WORK REQUIRED. Print the lines from the one containing "High quality brand" through the end of the listing below, exactly as written. Any pictures stay out.

SOURCE MATERIAL.
• • •
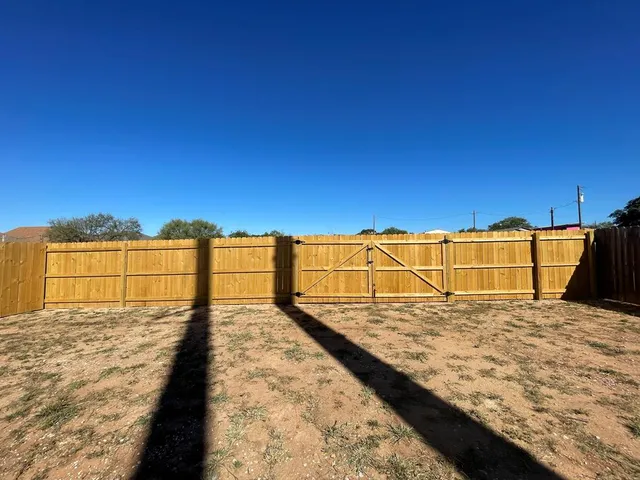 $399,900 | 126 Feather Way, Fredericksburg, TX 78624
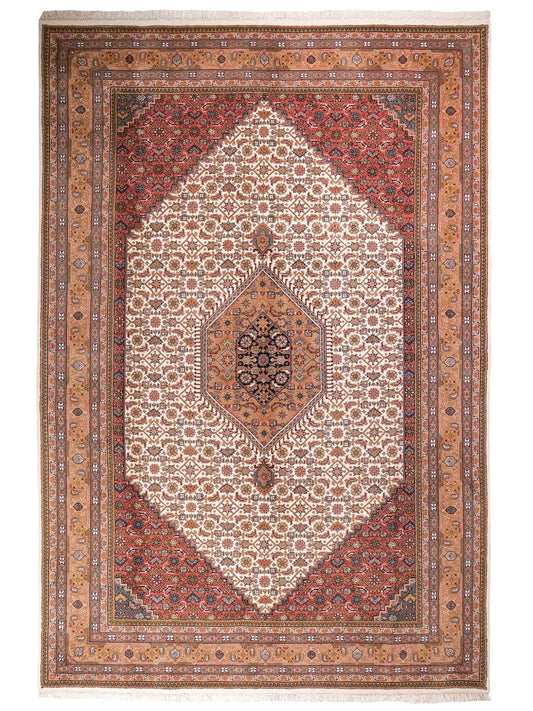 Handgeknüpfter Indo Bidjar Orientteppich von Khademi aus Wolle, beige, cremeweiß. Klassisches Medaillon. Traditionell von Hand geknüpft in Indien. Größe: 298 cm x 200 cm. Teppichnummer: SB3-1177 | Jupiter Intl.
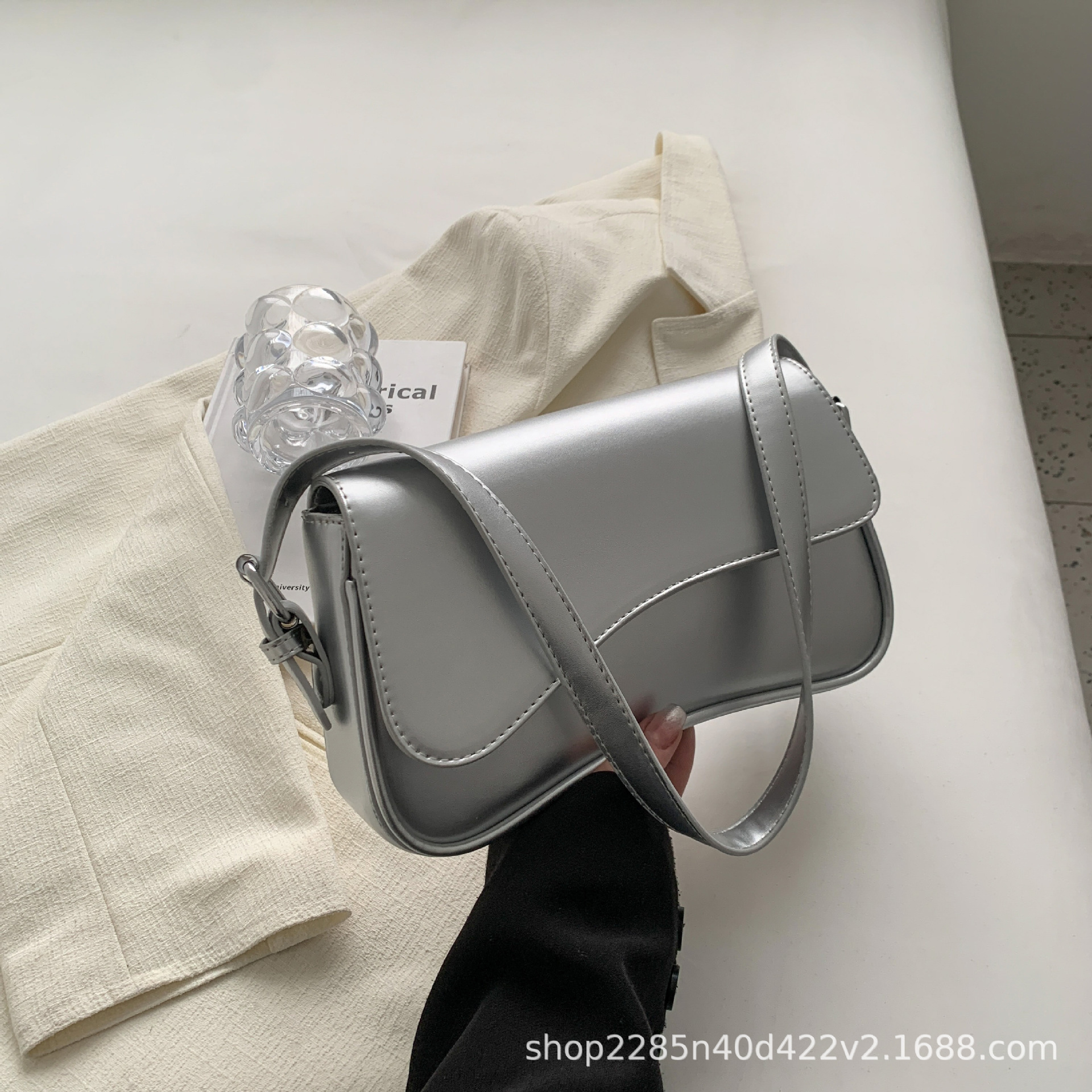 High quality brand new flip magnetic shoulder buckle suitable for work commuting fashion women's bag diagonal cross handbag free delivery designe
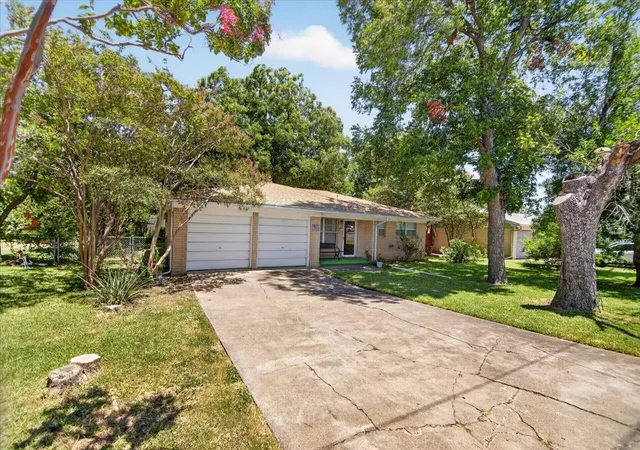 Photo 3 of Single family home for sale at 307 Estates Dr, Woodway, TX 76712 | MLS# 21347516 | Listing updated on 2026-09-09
• • •
TASK OUTPUT.
 High quality brand new flip magnetic shoulder buckle suitable for work commuting fashion women's bag diagonal cross handbag free delivery designe
 Photo 3 of Single family home for sale at 307 Estates Dr, Woodway, TX 76712 | MLS# 21347516 | Listing updated on 2026-09-09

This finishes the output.